● Data entries:

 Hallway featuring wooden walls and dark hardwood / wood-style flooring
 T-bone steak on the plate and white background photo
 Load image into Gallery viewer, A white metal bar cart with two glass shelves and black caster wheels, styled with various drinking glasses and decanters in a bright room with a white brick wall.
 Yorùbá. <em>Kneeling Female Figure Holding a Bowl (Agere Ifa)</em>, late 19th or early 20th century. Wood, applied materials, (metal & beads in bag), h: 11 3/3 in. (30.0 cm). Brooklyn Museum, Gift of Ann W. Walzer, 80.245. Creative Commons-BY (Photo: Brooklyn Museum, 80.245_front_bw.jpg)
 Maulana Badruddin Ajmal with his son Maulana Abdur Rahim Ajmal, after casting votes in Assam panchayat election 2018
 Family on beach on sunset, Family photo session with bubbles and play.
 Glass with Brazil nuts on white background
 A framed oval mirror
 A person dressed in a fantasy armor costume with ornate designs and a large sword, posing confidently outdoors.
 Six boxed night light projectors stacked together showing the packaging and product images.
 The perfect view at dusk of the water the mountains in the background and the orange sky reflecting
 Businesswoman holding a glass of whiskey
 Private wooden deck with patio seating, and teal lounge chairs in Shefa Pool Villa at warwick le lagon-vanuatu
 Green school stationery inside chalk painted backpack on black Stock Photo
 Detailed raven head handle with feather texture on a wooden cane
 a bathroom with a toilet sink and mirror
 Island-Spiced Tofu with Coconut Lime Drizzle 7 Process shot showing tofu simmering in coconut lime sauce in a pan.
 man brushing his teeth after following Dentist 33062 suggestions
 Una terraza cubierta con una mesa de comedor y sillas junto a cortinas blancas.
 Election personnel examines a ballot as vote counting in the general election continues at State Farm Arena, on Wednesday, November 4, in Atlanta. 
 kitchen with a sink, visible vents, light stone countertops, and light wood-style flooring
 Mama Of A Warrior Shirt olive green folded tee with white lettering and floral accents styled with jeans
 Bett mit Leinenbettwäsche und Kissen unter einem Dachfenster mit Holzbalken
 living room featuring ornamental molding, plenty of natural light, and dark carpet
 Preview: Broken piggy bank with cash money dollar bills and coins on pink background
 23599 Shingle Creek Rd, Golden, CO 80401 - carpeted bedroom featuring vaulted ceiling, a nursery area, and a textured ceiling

● WORK INSTRUCTION:
Only one stretch of the entries above is wanted: the lines from the one containing "Island-Spiced Tofu with" through the one containing "Preview: Broken piggy". Please reproduce it exactly.

● FINAL ANSWER:
 Island-Spiced Tofu with Coconut Lime Drizzle 7 Process shot showing tofu simmering in coconut lime sauce in a pan.
 man brushing his teeth after following Dentist 33062 suggestions
 Una terraza cubierta con una mesa de comedor y sillas junto a cortinas blancas.
 Election personnel examines a ballot as vote counting in the general election continues at State Farm Arena, on Wednesday, November 4, in Atlanta. 
 kitchen with a sink, visible vents, light stone countertops, and light wood-style flooring
 Mama Of A Warrior Shirt olive green folded tee with white lettering and floral accents styled with jeans
 Bett mit Leinenbettwäsche und Kissen unter einem Dachfenster mit Holzbalken
 living room featuring ornamental molding, plenty of natural light, and dark carpet
 Preview: Broken piggy bank with cash money dollar bills and coins on pink background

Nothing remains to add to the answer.